Но день, когда индейцы выжимают последнюю гроздь винограда, бывает еще более торжественным. В этот день из Лос-Анджелеса приезжает бродячий цирк немца господина Гирша со своим зверинцем, состоящим из обезьян, ягуаров, африканских львов, слона и нескольких впавших от старости в детство попугаев: «The Greatest Attraction of the World!» И тогда кагуиллы отдают свои последние песо, которые они еще не успели пропить, лишь бы попасть в цирк. Кагуиллов привлекают, конечно, не столько дикие звери — их достаточно и в Сан-Бернардино,— сколько желание посмотреть на цирковых артисток, силачей, клоунов и на всевозможнейшие чудеса, которые кажутся им чародейством, возможным лишь с помощью сверхъестественных сил.
Но всякий, кто осмелился бы подумать, что цирк господина Гирша является приманкой только для индейцев, китайцев и негров, навлек бы на себя справедливый и — видит бог! — небезопасный гнев господина директора. Напротив, с приездом цирка в Анагейм съезжаются не только окрестные фермеры, но и жители мелких соседних городов: Вестминстера, Оранжа и Лос-Ниетос. Улица Апельсина бывает тогда так запружена всевозможными повозками и тележками, что среди них трудно пробраться. Местный «большой свет» представлен полностью.
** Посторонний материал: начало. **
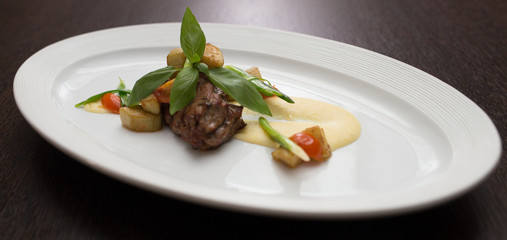 slices of duck with sauce and vegetables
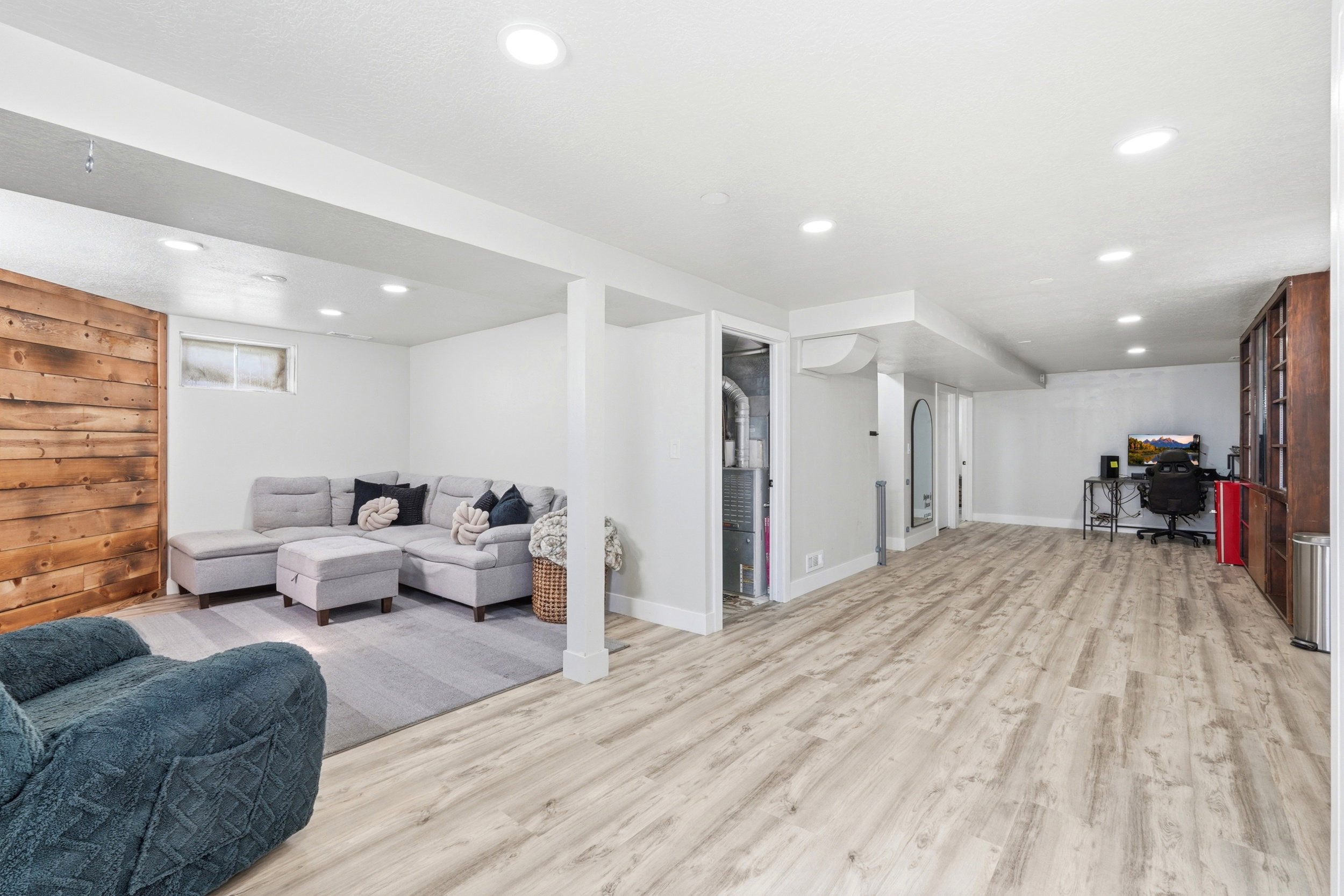 Spacious lower-level area featuring recessed lighting, light wood-finish flooring, and a barn wood accent wall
Молоденькие стройные мисс со светлыми челками, взбитыми над самыми глазами, грациозно восседая на козлах, правят лошадьми и весело щебечут, сверкая зубками; испанские сеньориты из Лос-Ниетос бросают долгие томные взгляды из-под кружевных накидок; замужние женщины, одетые по последней моде, гордо шествуют, опираясь на руку своих загорелых мужей-фермеров, весь наряд которых состоит из потрепанной шляпы, рипсовых панталон и фланелевой рубашки, застегнутой ввиду отсутствия галстука па крючок и петельку.